Intervention de Christine Pires Beaune

Séance en hémicycle du mardi 17 octobre 2023 à 21h30
Projet de loi de finances pour 2024 — Discussion générale

Photo issue du site de l'Assemblée nationale ou de WikipediaChristine Pires Beaune :

Est-il si difficile de demander un effort exceptionnel, transitoire, à ceux qui peuvent le consentir ? Comment faire accepter des efforts aux Français quand ceux qui pourraient en faire sans dommage sont épargnés ? Pourquoi continuer ainsi à préserver – je dirai même à assister – une infime partie de nos concitoyens, les ultrariches, en les protégeant à tout prix de l'impôt et en refusant de les faire contribuer à hauteur de leurs moyens ?

Des propositions d'économies, monsieur le ministre, nous en avons à la pelle ! Depuis des années, nous vous interpellons sur les niches fiscales et sociales qui privent le budget de notre pays de ressources indispensables pour financer les priorités que j'évoquais plus tôt. Encore faudrait-il nous entendre.

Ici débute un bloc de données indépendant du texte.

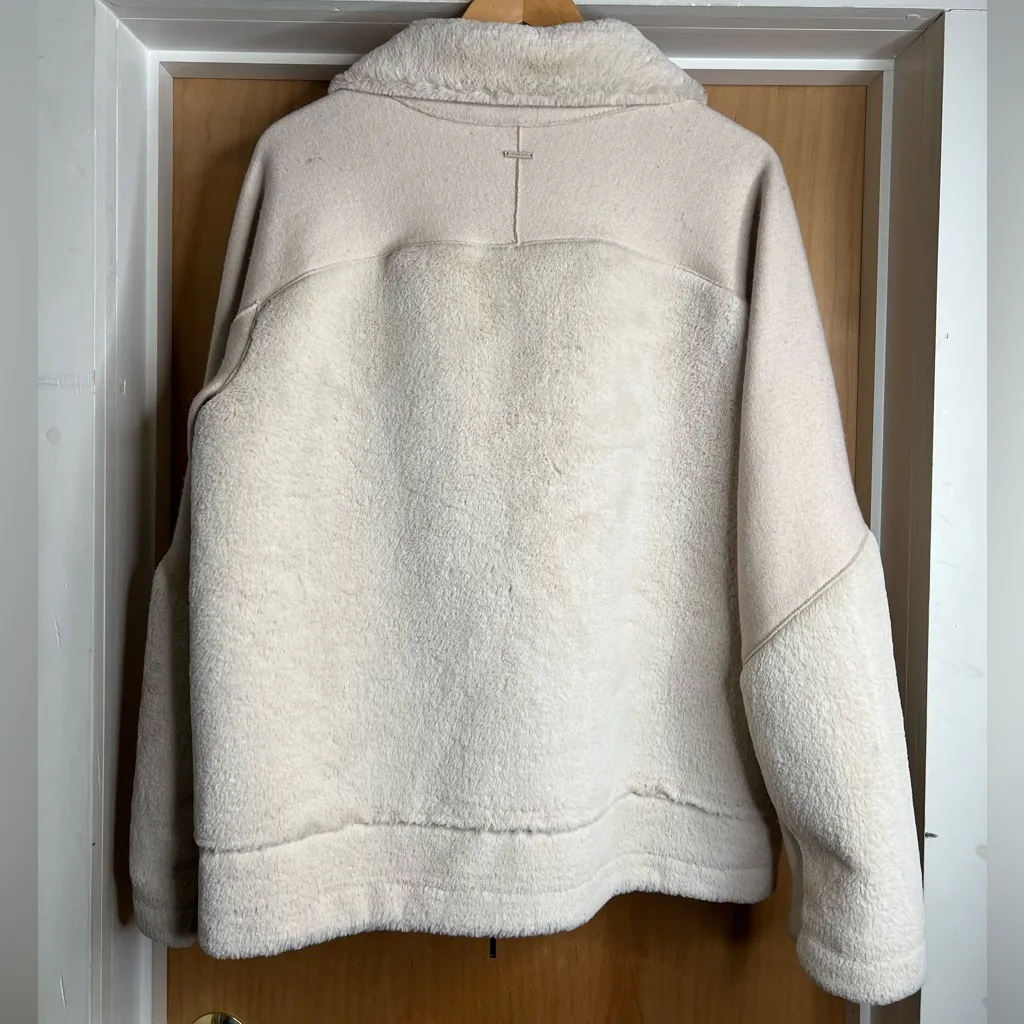 Armani Jeans Women’s Cream Fleece Jacket with Buckle Accents. Size: Xtra Large Size XL - Image 3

Comment accepter, par exemple, que vous refusiez de plafonner le crédit d'impôt recherche (CIR) alors que les dépenses qui y sont liées sont passées, en huit ans, de 2 milliards à 7 milliards, et même 8 milliards dans le projet de loi de finances pour 2024 ? C'est d'autant plus inacceptable que, on le sait, les résultats ne sont pas au rendez-vous dans les entreprises qui en bénéficient le plus.

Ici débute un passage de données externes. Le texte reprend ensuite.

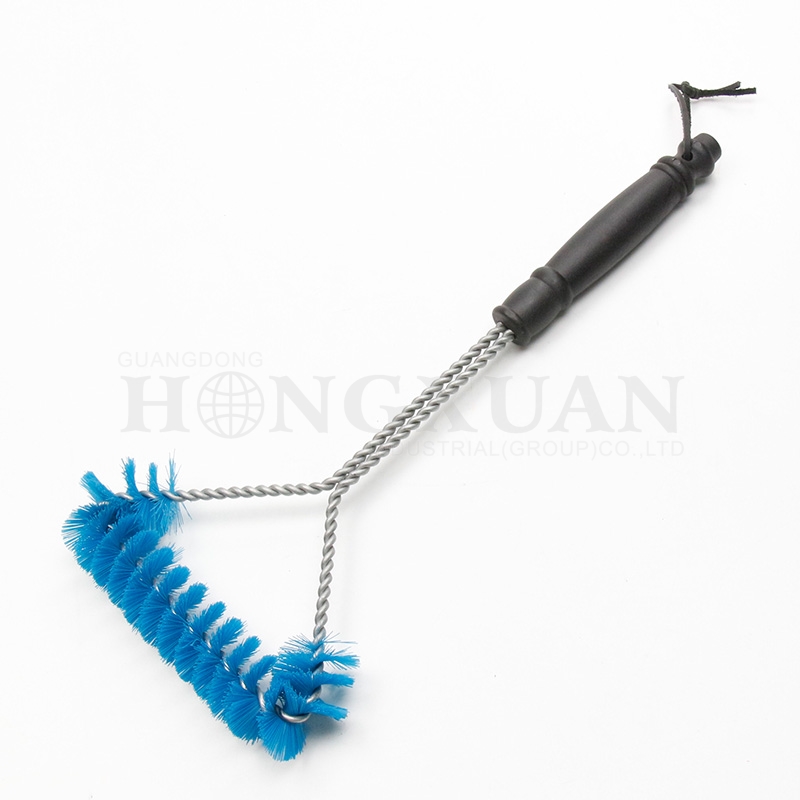 Cleaning brush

Ce n'est pas moi qui le dis : les rapports vous embarrassent, tant ils se multiplient. France Stratégie, Cour des comptes, Conseil des prélèvements obligatoires, rapport sur l'application des lois fiscales : tous aboutissent aux mêmes conclusions ! Mais, par idéologie, vous niez l'évidence.

Selon un autre rapport publié hier par le Comité d'évaluation des réformes de la fiscalité du capital, si l'impôt de solidarité sur la fortune (ISF) avait été maintenu, il aurait rapporté 6,3 milliards d'euros en 2022, alors que les recettes de l'impôt sur la fortune immobilière (IFI) ne se sont élevées l'an dernier qu'à 1,8 milliard, soit un manque à gagner de plus de 4 milliards d'euros pour les caisses de l'État. Si les entreprises sont là pour créer de la richesse, monsieur le ministre délégué, l'État est là pour créer de la justice.

Vous l'aurez compris, nous ne voterons donc pas votre budget, qui est synonyme pour beaucoup de Français appartenant aux classes populaires et moyennes d'efforts surdimensionnés alors que, dans le même temps, vous poursuivez une politique favorable non aux riches, mais aux ultrariches, c'est-à-dire à une toute petite poignée de contribuables.

Votre budget, c'est mission impossible ! Vous vous êtes enferrés dans une double contrainte insoluble. Vous prétendez réduire le déficit à 4,4 % du PIB sans lever de nouvelles recettes fiscales : il en résulte des coupes criminelles, notamment en matière de santé. Ainsi, eu égard aux prévisions d'inflation et surtout aux besoins croissants, la progression de l'Ondam, par exemple, représente bien une mesure d'austérité.

J'insiste, l'obstination à vouloir réduire les prélèvements obligatoires dans le contexte actuel est idéologique et irresponsable. Car si nous pouvons toujours discuter avec le Fonds monétaire international (FMI), avec Bruxelles ou avec les banques centrales, une chose est certaine : nous ne pourrons pas discuter avec la planète. Assumez que la cohésion de la nation est plus importante que tout le reste.